The two Canadian truce observers who stepped on a mine on Mt. Scopus yesterday were out of danger today, according to Hadassah Hospital authorities. One of the officers, Maj. George Flint, was on the operating table three hours yesterday and required several blood transfusions.

Meanwhile, Maj. Gen. E. L. M. Burns, UN truce chief, in a communique commenting on the Jordanian invasion of a building on Mt. Scopus, which preceded the mine accident, warned both Israel and Jordan against any military coup on the height, “The Chief of Staff wishes to recall to the Israel and Jordan authorities that neither of them should attempt to assert a right or an alleged right on Mt. Scopus by military action,” the communique said. “It is his firm intention to maintain in the demilitarized zone the authority vested in the United Nations by the 7 July 1948 agreement.”

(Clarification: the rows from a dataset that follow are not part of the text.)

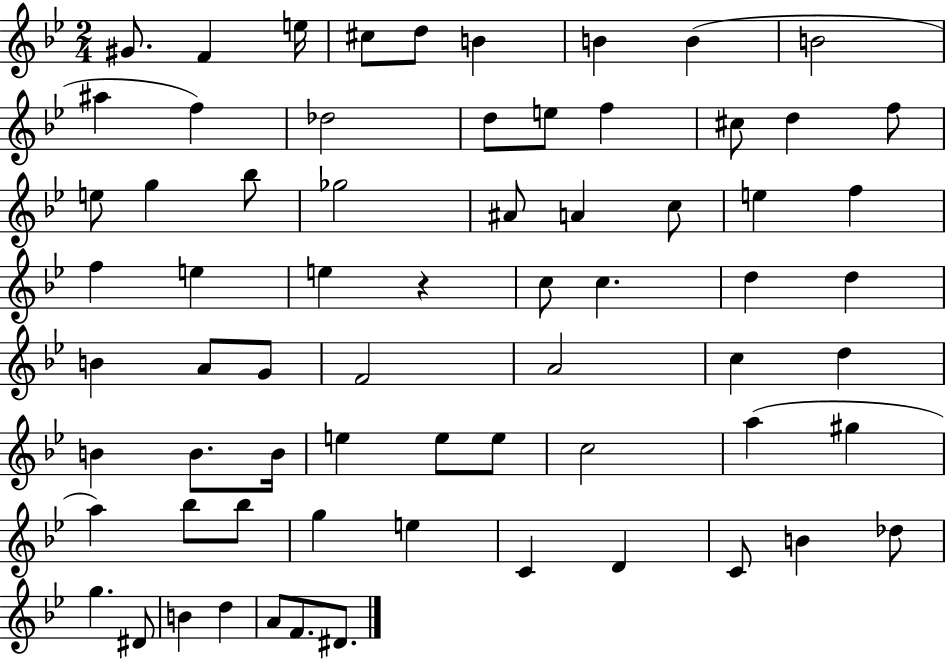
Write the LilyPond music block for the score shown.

{
  \clef treble
  \numericTimeSignature
  \time 2/4
  \key bes \major
  gis'8. f'4 e''16 | cis''8 d''8 b'4 | b'4 b'4( | b'2 | \break ais''4 f''4) | des''2 | d''8 e''8 f''4 | cis''8 d''4 f''8 | \break e''8 g''4 bes''8 | ges''2 | ais'8 a'4 c''8 | e''4 f''4 | \break f''4 e''4 | e''4 r4 | c''8 c''4. | d''4 d''4 | \break b'4 a'8 g'8 | f'2 | a'2 | c''4 d''4 | \break b'4 b'8. b'16 | e''4 e''8 e''8 | c''2 | a''4( gis''4 | \break a''4) bes''8 bes''8 | g''4 e''4 | c'4 d'4 | c'8 b'4 des''8 | \break g''4. dis'8 | b'4 d''4 | a'8 f'8. dis'8. | \bar "|."
} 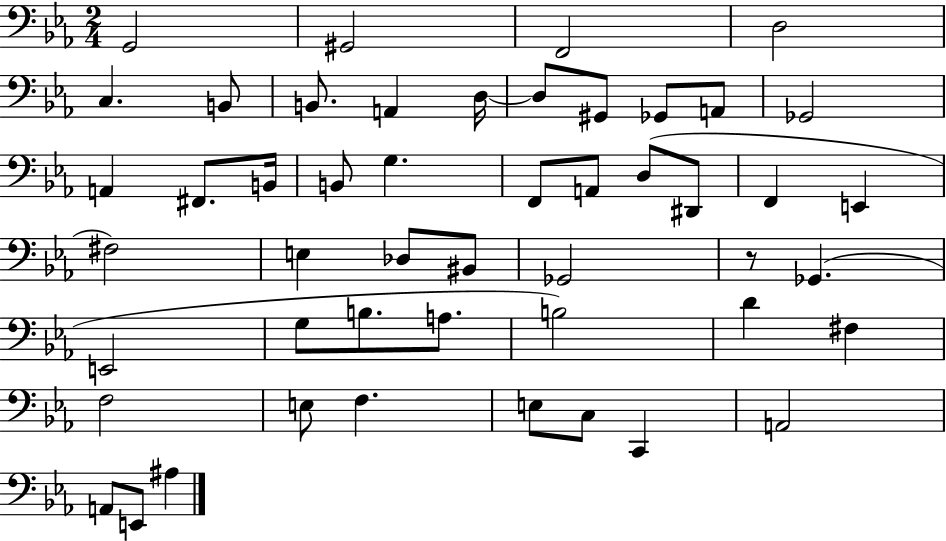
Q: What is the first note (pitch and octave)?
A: G2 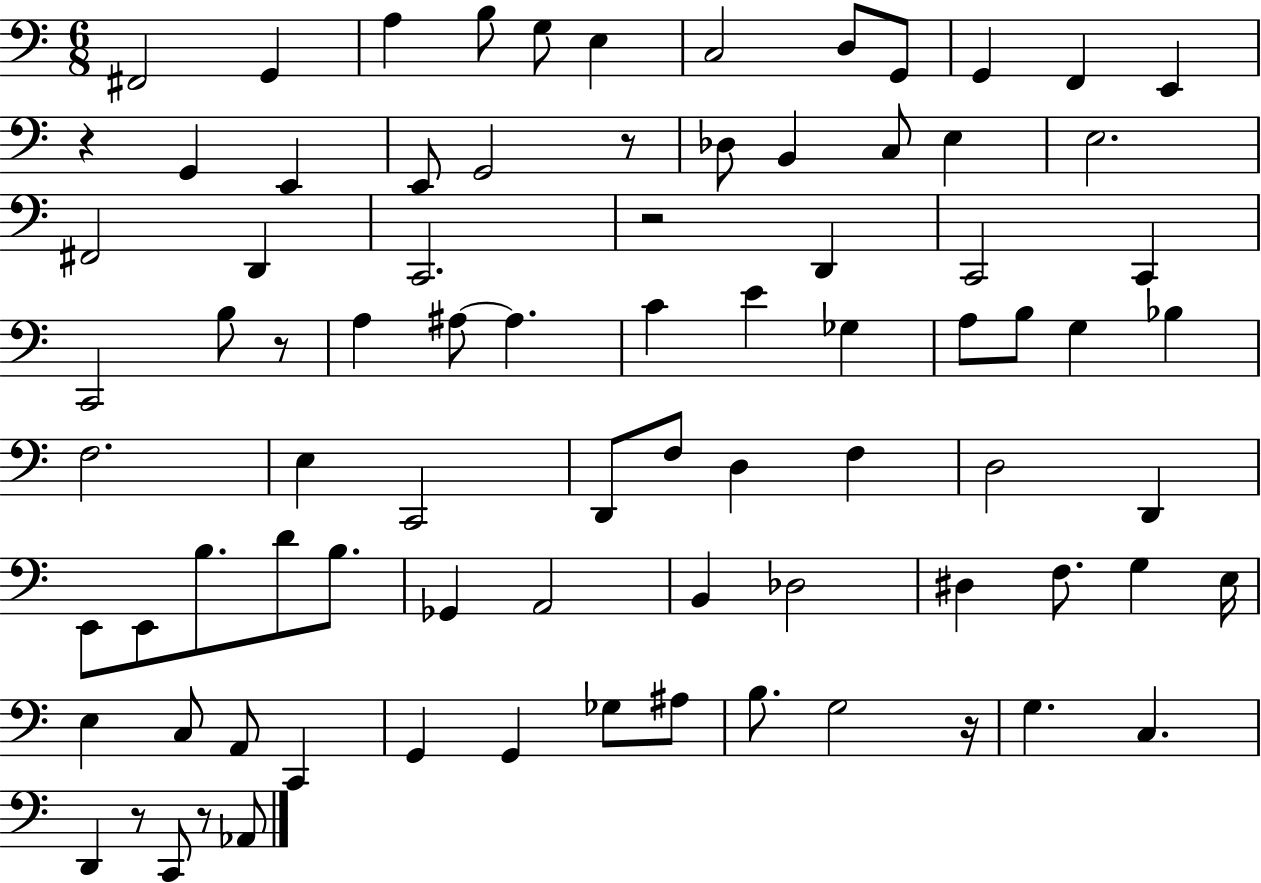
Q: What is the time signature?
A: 6/8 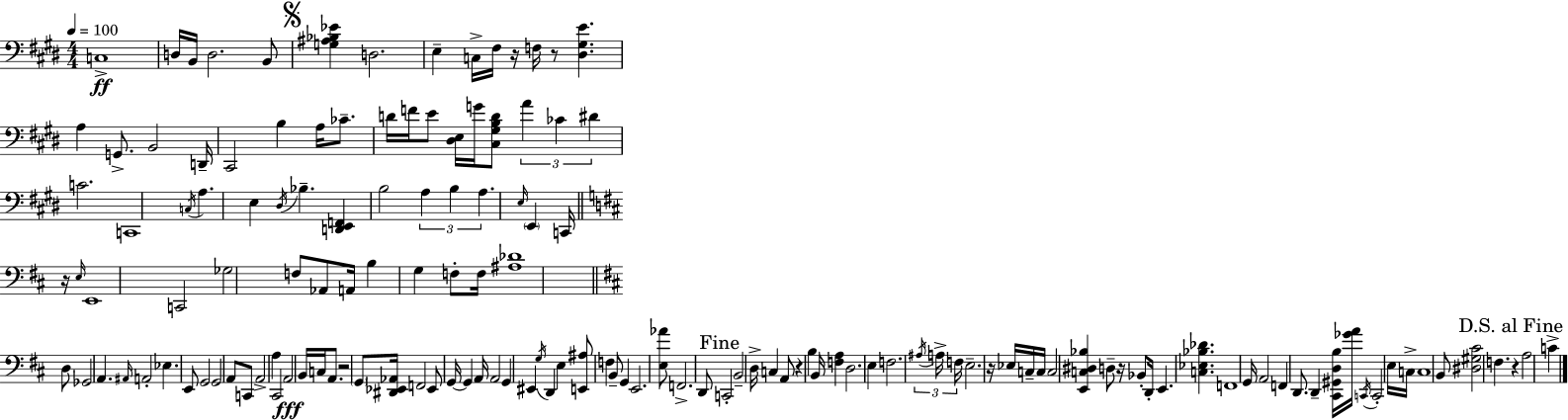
X:1
T:Untitled
M:4/4
L:1/4
K:E
C,4 D,/4 B,,/4 D,2 B,,/2 [G,^A,_B,_E] D,2 E, C,/4 ^F,/4 z/4 F,/4 z/2 [^D,^G,E] A, G,,/2 B,,2 D,,/4 ^C,,2 B, A,/4 _C/2 D/4 F/4 E/2 [^D,E,]/4 G/4 [^C,^G,B,D]/2 A _C ^D C2 C,,4 C,/4 A, E, ^D,/4 _B, [D,,E,,F,,] B,2 A, B, A, E,/4 E,, C,,/4 z/4 E,/4 E,,4 C,,2 _G,2 F,/2 _A,,/2 A,,/4 B, G, F,/2 F,/4 [^A,_D]4 D,/2 _G,,2 A,, ^A,,/4 A,,2 _E, E,,/2 G,,2 G,,2 A,,/2 C,,/2 A,,2 A, ^C,,2 A,,2 B,,/4 C,/4 A,,/2 z2 G,,/2 [^D,,_E,,_A,,]/4 F,,2 _E,,/2 G,,/4 G,, A,,/4 A,,2 G,, ^E,, G,/4 D,, E, [E,,^A,]/2 F, B,,/2 G,, E,,2 [E,_A]/2 F,,2 D,,/2 C,,2 B,,2 D,/4 C, A,,/2 z B, B,,/4 [F,A,] D,2 E, F,2 ^A,/4 A,/4 F,/4 E,2 z/4 _E,/4 C,/4 C,/4 C,2 [E,,C,^D,_B,] D,/2 z/4 _B,,/2 D,,/4 E,, [C,_E,_B,_D] F,,4 G,,/4 A,,2 F,, D,,/2 D,, [^C,,^G,,D,B,]/4 [_GA]/4 C,,/4 C,,2 E,/4 C,/4 C,4 B,,/2 [^D,^G,^C]2 F, z A,2 C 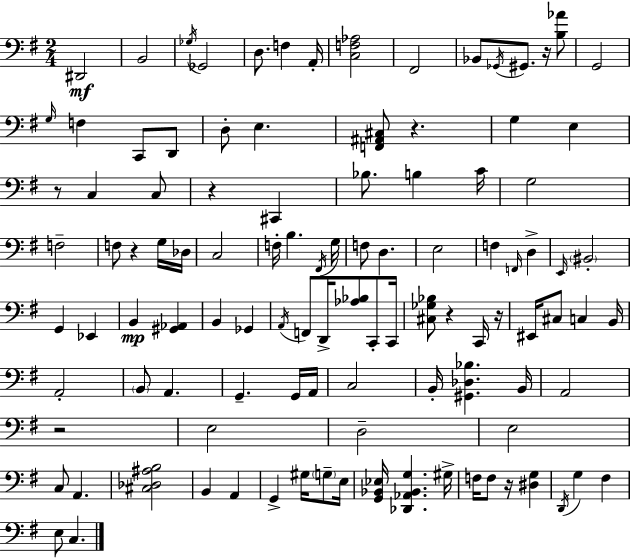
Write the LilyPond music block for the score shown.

{
  \clef bass
  \numericTimeSignature
  \time 2/4
  \key g \major
  \repeat volta 2 { dis,2\mf | b,2 | \acciaccatura { ges16 } ges,2 | d8. f4 | \break a,16-. <c f aes>2 | fis,2 | bes,8 \acciaccatura { ges,16 } gis,8. r16 | <b aes'>8 g,2 | \break \grace { g16 } f4 c,8 | d,8 d8-. e4. | <f, ais, cis>8 r4. | g4 e4 | \break r8 c4 | c8 r4 cis,4 | bes8. b4 | c'16 g2 | \break f2-- | f8 r4 | g16 des16 c2 | f16-. b4. | \break \acciaccatura { fis,16 } g16 f8 d4. | e2 | f4 | \grace { f,16 } d4-> \grace { e,16 } \parenthesize bis,2-. | \break g,4 | ees,4 b,4\mp | <gis, aes,>4 b,4 | ges,4 \acciaccatura { a,16 } f,8 | \break d,16-> <aes bes>8 c,8-. c,16 <cis ges bes>8 | r4 c,16 r16 eis,16 | cis8 c4 b,16 a,2-. | \parenthesize b,8 | \break a,4. g,4.-- | g,16 a,16 c2 | b,16-. | <gis, des bes>4. b,16 a,2 | \break r2 | e2 | d2-- | e2 | \break c8 | a,4. <cis des ais b>2 | b,4 | a,4 g,4-> | \break gis16 \parenthesize g8-- e16 <g, bes, ees>16 | <des, aes, bes, g>4. gis16-> f16 | f8 r16 <dis g>4 \acciaccatura { d,16 } | g4 fis4 | \break e8 c4. | } \bar "|."
}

The communique also discussed whether the house occupied by Jordanian troops yesterday was inside the Mt. Scopus demilitarized zone, policed by Israel. It noted that in an early map of the area, accepted by both Israel and Jordan, the house lies inside the demilitarized zone, but that a later map shows the house outside the zone. Israel, however, never signed the second map and refuses to accept its validity, the UN communique stressed.